For this above time, the master branch was used and this was tested on colab.
and with the same settings the scale-when-applied-to-larger-datasets branch was used.
@strivedi02 @kurianbenoy 🙇 thanks both for the references, you can see above the updated table of the approximate speed ups
@strivedi02 thanks for raising the initial discussion #1, and pointers raised about the different issues, this and other issues have been resolved (we still have pending ones but that is fine) as result of user/community feedback and interactions.
With regards to performance of the library, it's an ongoing effort to keep in mind. But adding new NLP features would usually precede such issues.
@neomatrix369 I always had to struggle to keep all my scripts in one place or I would have to remember which code is where, but now thanks to you we won't have to remember all that. Through this package, a lot of things will become easy, and I think in the future it will keep growing in terms of usage by the community.
@neomatrix369 I always had to struggle to keep all my scripts in one place or I would have to remember which code is where, but now thanks to you we won't have to remember all that. Through this package, a lot of things will become easy, and I think in the future it will keep growing in terms of usage by the community.

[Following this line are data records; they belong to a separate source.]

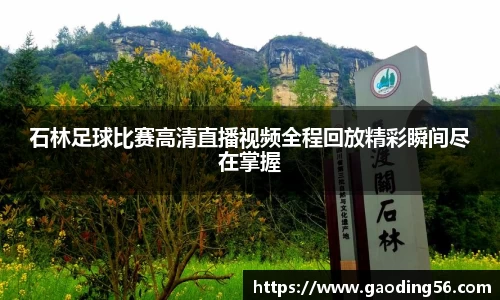 石林足球比赛高清直播视频全程回放精彩瞬间尽在掌握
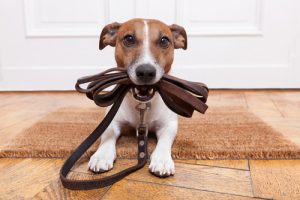 Pourquoi certaines personnes n'aiment pas les animaux ?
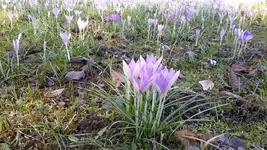 20190224_123759.webp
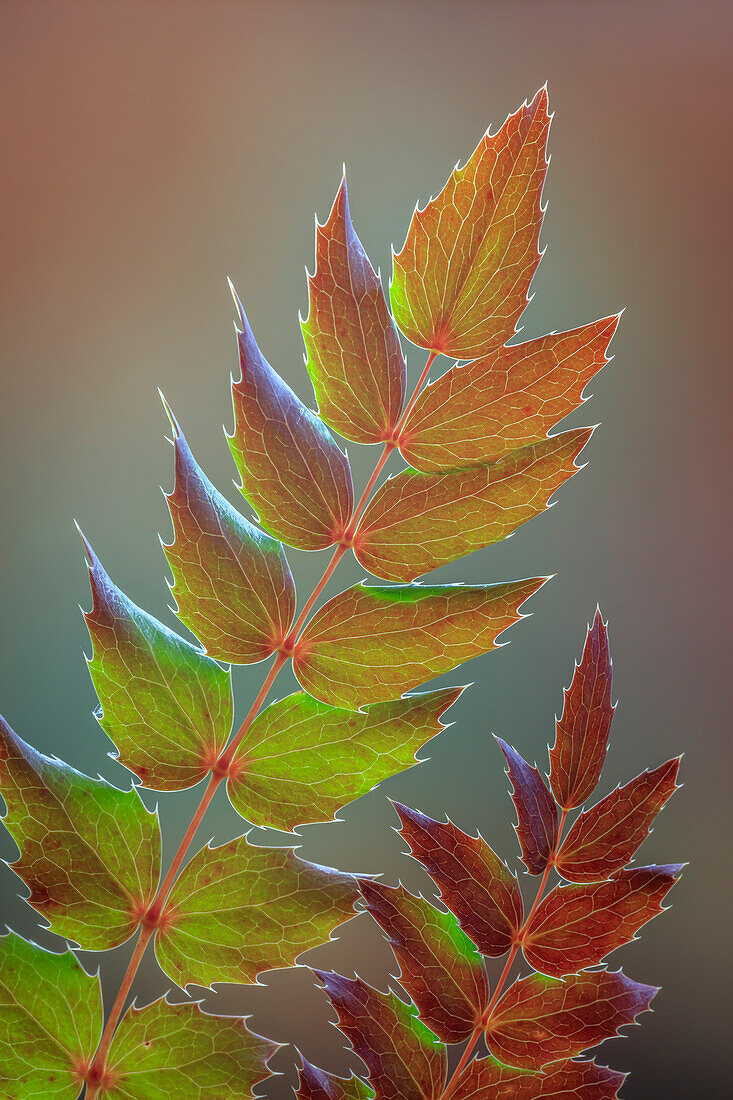 USA, Washington State, Seabeck. Oregon grape leaves in autumn.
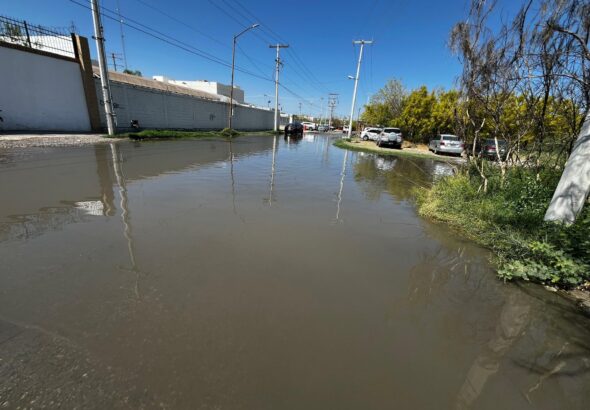 17542dfe0a07425f80ebd795b4e9f172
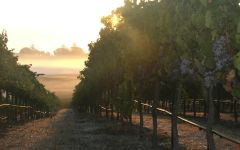 Gloria Ferrer Gloria Ferrer Vineyards at Dawn Winery Image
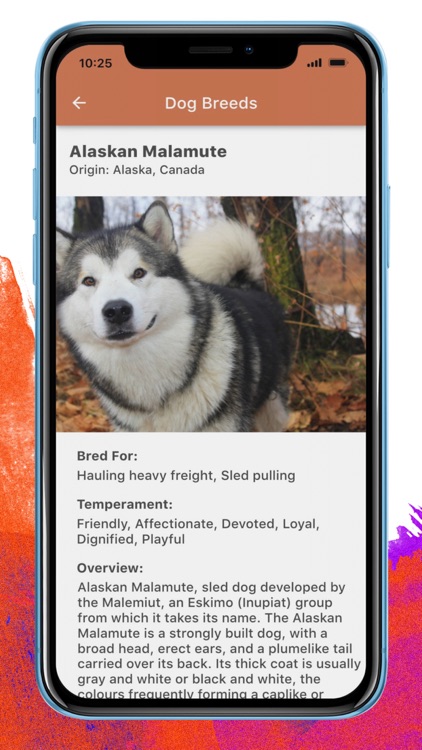 Doginder - Dog Encyclopedia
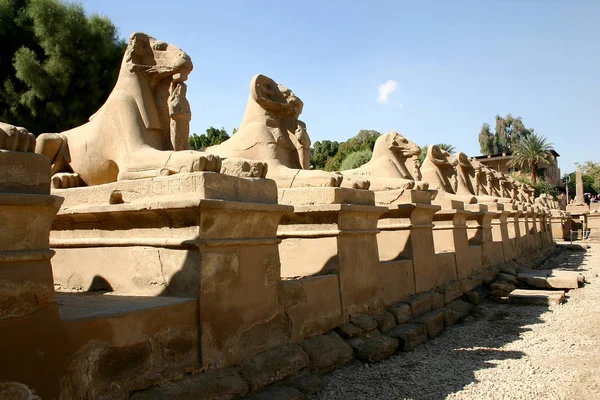 Avenue of the ram-headed Sphinxes. Karnak Temple. Luxor, Egypt. January, 2005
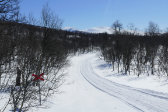Trail 1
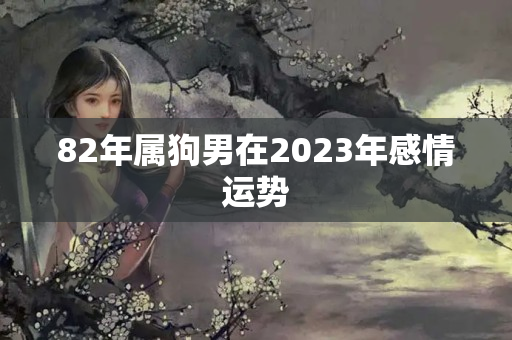 82年属狗男在2023年感情运势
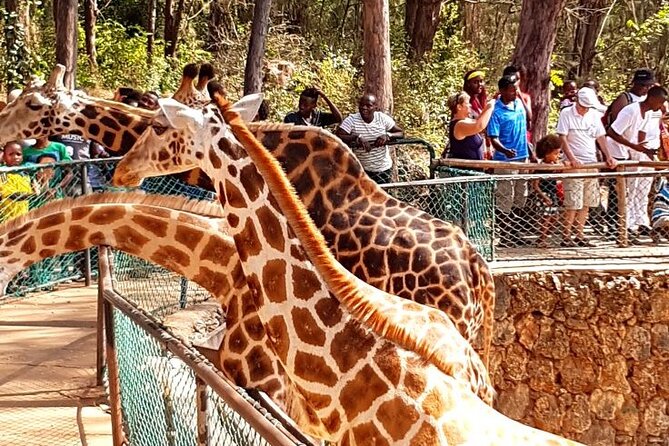 Full Day Tour in Mombasa - Good To Know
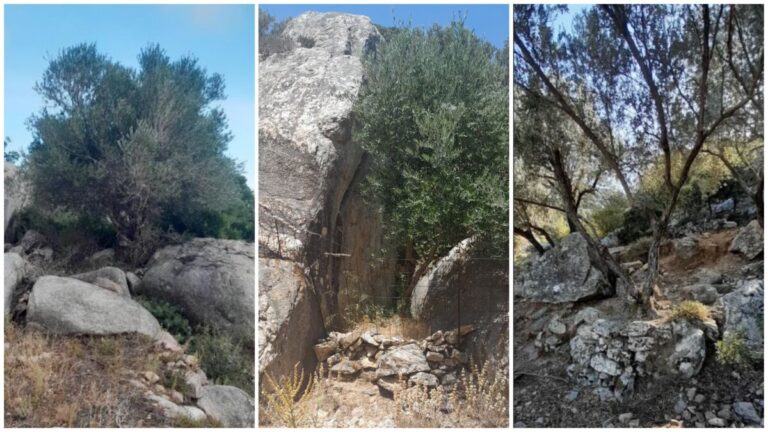 Αγροτική Γη: Αιώνες μόχθου και σύγχρονες προκλήσεις για την αναγνώρισή της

That's really good to know. Glad it helps everyone. It is also what I observed, everyone was using their own recipes, now you can share and contribute and extend a central recipe.
@strivedi02 Does the library have most if not all of the things you use or one would need when dealing with text? I think there is room for a lot more.
Feel free to open issues/pull requests to extend the existing functionalities to contain additional relevant ones - that is useful for NLP practitioners.
@loopyme I'll be happy to hear your feedback on the work done via this issue, please let me know how I can answer your questions and clarify any doubts.
I have tried to build this library from ground-up paying attention to the cohesive modules and structure of the library as a whole.
At the moment the library runs slow and takes a long time to handle large datasets due to the processing require per record, this could be optimised and improved in small steps to be able to handle larger datasets
Opened on the back discussions in #1. Partially related to #3 although independent of the issue.